The Supreme Court ruled 5-3 against investors in a lawsuit that restricted their ability to sue third parties unless investors rely directly on their advice.

The Supreme Court listened to arguments in the case, Stonefield Investment Partners LLC vs. Scientific Atlanta Inc. and Motorola Inc., last October (see Supreme Court Hears Arguments in Investor Case). Stoneridge, an investment fund, lost money in shares of Charter Communications Inc. and accused third parties Motorola and Scientific-Atlanta (now part of Cisco Systems) of helping Charter inflate its revenues. Stoneridge did not claim that Motorola and Scientific-Atlanta made any misstatements to the public, but said they engaged in transactions with Charter that it mischaracterized on its financial statements.

Judge Anthony Kennedy wrote the majority decision. “We conclude the private right of action does not reach the customer/supplier companies because the investors did not rely upon their statements or representations,” he wrote.

The American Institute of CPAs, which filed a brief in the case, hailed the decision.

“In this common-sense and balanced ruling, the court said that investors may only sue those who issued statements or otherwise took direct action that the investors had relied upon in buying or selling stock,” said Richard I. Miller, AICPA general counsel, in a statement.

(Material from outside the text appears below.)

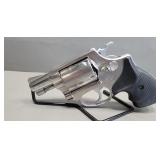 * Smith & Wesson Model 60 38spec Rev & Holster * Smith & Wesson Model 60 38spec Rev & Holster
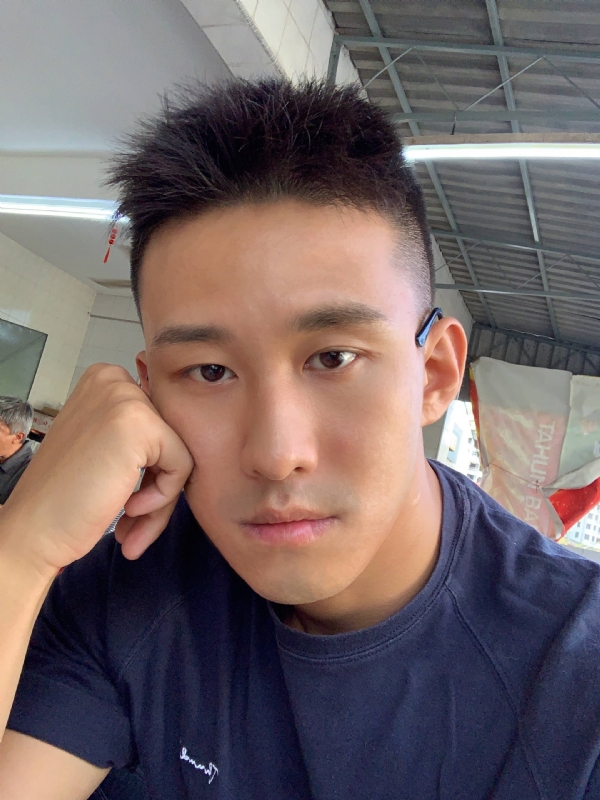 相见恨晚的第二张照片--佛山相亲服务中心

Lisa Wood, co-chair of the securities litigation group at Foley Hoag LLP in Boston, noted that Stoneridge is the third securities case decided by the Supreme Court in the last three years, following Tellabs Inc. v. Makor Issues and Rights Ltd and Dura Pharmaceuticals v. Broudo, in which the court has favored businesses.

“Stoneridge continues the court’s recent trend of raising the bar for plaintiffs in securities class actions, and in fact this decision goes much further than any previous ruling in limiting the potential scope of liability of outside professionals in a shareholder lawsuit,” she said in a statement.